Googling hasn't lead to any concrete results, so I have attempted to derive its PDF using the method of derived distributions (I believe I have succeeded), and I have tried to compute it's mean (I haven't succeeded).
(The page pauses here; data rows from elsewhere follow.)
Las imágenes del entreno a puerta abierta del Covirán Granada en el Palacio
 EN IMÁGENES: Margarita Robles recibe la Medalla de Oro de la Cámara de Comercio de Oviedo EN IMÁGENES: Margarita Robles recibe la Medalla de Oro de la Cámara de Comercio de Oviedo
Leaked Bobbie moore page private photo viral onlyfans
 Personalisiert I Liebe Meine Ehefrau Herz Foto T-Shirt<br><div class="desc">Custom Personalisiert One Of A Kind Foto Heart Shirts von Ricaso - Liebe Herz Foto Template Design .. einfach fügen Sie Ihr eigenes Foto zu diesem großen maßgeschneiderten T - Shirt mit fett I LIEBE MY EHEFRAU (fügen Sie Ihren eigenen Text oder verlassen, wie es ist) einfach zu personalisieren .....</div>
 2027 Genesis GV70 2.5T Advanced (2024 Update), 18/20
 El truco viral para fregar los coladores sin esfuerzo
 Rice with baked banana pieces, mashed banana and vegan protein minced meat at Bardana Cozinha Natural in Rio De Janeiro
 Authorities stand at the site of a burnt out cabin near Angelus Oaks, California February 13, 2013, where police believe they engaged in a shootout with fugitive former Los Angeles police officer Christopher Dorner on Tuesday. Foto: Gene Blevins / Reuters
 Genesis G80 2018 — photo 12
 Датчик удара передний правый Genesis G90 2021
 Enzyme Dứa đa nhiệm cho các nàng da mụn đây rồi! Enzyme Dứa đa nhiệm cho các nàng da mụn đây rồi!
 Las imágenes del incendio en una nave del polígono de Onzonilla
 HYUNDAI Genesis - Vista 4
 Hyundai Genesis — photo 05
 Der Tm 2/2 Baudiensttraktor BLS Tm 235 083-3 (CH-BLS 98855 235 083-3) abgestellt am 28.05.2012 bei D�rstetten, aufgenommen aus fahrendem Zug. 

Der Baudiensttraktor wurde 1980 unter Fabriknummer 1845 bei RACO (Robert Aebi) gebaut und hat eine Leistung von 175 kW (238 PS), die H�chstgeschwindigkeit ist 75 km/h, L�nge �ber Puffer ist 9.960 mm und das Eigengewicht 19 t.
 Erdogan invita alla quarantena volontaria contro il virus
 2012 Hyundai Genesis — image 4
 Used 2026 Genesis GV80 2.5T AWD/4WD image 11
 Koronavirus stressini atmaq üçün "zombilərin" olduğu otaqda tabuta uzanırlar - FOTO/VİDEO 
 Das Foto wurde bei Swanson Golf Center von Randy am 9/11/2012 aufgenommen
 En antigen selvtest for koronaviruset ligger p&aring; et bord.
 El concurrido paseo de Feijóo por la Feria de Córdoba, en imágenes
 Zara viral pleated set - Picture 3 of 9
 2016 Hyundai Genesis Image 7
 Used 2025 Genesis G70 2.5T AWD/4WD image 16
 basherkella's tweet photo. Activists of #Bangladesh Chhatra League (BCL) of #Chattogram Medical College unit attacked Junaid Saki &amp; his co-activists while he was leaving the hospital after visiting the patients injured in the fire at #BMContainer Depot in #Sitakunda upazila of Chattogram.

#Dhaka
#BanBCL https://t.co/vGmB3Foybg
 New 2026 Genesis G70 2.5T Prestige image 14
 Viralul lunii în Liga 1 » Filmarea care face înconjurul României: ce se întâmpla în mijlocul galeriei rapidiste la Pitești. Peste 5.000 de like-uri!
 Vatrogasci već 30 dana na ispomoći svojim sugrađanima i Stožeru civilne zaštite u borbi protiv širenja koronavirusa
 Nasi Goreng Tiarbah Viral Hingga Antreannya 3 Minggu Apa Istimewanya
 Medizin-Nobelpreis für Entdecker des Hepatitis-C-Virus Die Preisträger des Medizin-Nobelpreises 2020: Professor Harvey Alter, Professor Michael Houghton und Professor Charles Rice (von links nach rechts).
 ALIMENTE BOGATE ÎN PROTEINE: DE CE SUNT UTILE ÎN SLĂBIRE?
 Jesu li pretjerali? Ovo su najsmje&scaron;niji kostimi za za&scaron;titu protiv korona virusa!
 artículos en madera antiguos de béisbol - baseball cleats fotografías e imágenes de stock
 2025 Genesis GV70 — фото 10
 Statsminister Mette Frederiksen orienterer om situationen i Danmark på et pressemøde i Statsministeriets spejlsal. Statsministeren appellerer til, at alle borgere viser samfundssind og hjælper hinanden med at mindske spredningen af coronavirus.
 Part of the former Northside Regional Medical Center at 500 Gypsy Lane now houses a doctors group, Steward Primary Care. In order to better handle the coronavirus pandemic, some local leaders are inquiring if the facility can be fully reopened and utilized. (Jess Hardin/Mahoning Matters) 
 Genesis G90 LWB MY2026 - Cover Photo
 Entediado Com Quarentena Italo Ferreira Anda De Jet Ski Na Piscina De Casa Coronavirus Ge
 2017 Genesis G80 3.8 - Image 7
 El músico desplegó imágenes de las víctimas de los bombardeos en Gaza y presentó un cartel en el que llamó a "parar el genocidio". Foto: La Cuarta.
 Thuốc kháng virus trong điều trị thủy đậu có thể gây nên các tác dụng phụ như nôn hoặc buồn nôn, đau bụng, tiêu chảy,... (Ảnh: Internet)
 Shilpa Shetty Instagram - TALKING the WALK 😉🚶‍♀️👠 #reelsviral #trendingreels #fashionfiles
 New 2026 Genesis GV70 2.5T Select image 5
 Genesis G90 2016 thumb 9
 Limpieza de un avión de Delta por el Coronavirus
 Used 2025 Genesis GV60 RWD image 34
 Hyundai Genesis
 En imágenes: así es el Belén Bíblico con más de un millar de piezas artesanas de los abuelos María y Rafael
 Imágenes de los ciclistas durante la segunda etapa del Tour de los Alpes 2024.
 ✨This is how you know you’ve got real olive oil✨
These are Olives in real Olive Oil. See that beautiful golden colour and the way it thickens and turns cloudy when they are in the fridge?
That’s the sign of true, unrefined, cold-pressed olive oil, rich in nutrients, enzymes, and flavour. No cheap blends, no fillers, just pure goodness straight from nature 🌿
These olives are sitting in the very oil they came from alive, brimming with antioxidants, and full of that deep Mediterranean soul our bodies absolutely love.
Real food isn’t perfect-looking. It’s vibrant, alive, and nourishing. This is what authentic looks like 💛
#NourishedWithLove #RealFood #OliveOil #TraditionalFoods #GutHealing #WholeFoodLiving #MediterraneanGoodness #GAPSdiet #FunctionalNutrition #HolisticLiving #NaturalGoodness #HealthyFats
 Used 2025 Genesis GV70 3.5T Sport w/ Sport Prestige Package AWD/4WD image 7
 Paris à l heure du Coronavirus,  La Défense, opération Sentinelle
My work is as follows: let $X:=\frac{1}{1+Y}$, then:
$$F_X(x)=\mathbb{P}\left(X\leq x\right)=\mathbb{P}\left(\frac{1}{1+Y}\leq x\right)=\mathbb{P}\left(\frac{1}{x}-1\leq Y\right)=1-\mathbb{P}\left(Y\leq \frac{1}{x}-1\right)=1-F_Y\left(\frac{1-x}{x}\right)$$
Now (setting $d:=\frac{1-x}{x}$)
$$f_X(x):=\frac{\partial}{\partial x}\left(F_X\left(x\right)\right)=\frac{\partial}{\partial x}\left(1-F_Y\left(d\right)\right)=-\frac{\partial}{\partial d}F_Y(d)\frac{\partial d}{\partial x}=-f_Y(d)\left(\frac{-1}{x^2}\right)$$
So we finally have the PDF of $X$ as:
$$\frac{1}{x^2}\frac{1}{\sigma \sqrt{t2 \pi}}\exp\left\{-\frac{(d-\mu)^2}{2t\sigma^2}\right\}=\frac{1}{x^2}\frac{1}{\sigma \sqrt{t2 \pi}}\exp\left\{-\frac{(\frac{1-x}{x}-\mu)^2}{2t\sigma^2}\right\}$$
To simplify the above, I will do the following:
$$\left(\frac{1-x}{x}-\mu\right)^2=\left(\frac{1}{x}-1-\mu\right)^2=\frac{1}{x^2}-2(1-\mu)\frac{1}{x}+(1-\mu)^2+4\mu=\left(\frac{1}{x}-(1-\mu)\right)^2+4\mu$$
So that:
$$f_X(x)=\frac{1}{x^2}\frac{1}{\sigma \sqrt{t2 \pi}}\exp\left\{-\frac{\left(\frac{1}{x}-(1-\mu)\right)^2}{2t\sigma^2}\right\}e^{-\left(\frac{4\mu}{2t\sigma^2}\right)}$$
Now attempting to compute the expectation:
$$\mathbb{E}\left[X\right]=\int_{h=-\infty}^{h=\infty}hf_X(h)dh=e^{-\left(\frac{4\mu}{2t\sigma^2}\right)}\int_{h=-\infty}^{h=\infty}\frac{1}{h}\frac{1}{\sigma \sqrt{t2 \pi}}\exp\left\{-\frac{\left(\frac{1}{h}-(1-\mu)\right)^2}{2t\sigma^2}\right\}dh$$
I will use the substitution $v=\frac{1}{h}$, with $dh=\frac{-1}{v^2}dv$:
$$\mathbb{E}\left[X\right]=e^{-\left(\frac{4\mu}{2t\sigma^2}\right)}\int_{v=0}^{v=0}\frac{-1}{v}\frac{1}{\sigma \sqrt{t2 \pi}}\exp\left\{-\frac{\left(v-(1-\mu)\right)^2}{2t\sigma^2}\right\}dv$$
The above is where I get stuck, and the fact that the integral limit is from zero to zero makes me think the expectation might no be well defined, in the sense that it is not analytically computable?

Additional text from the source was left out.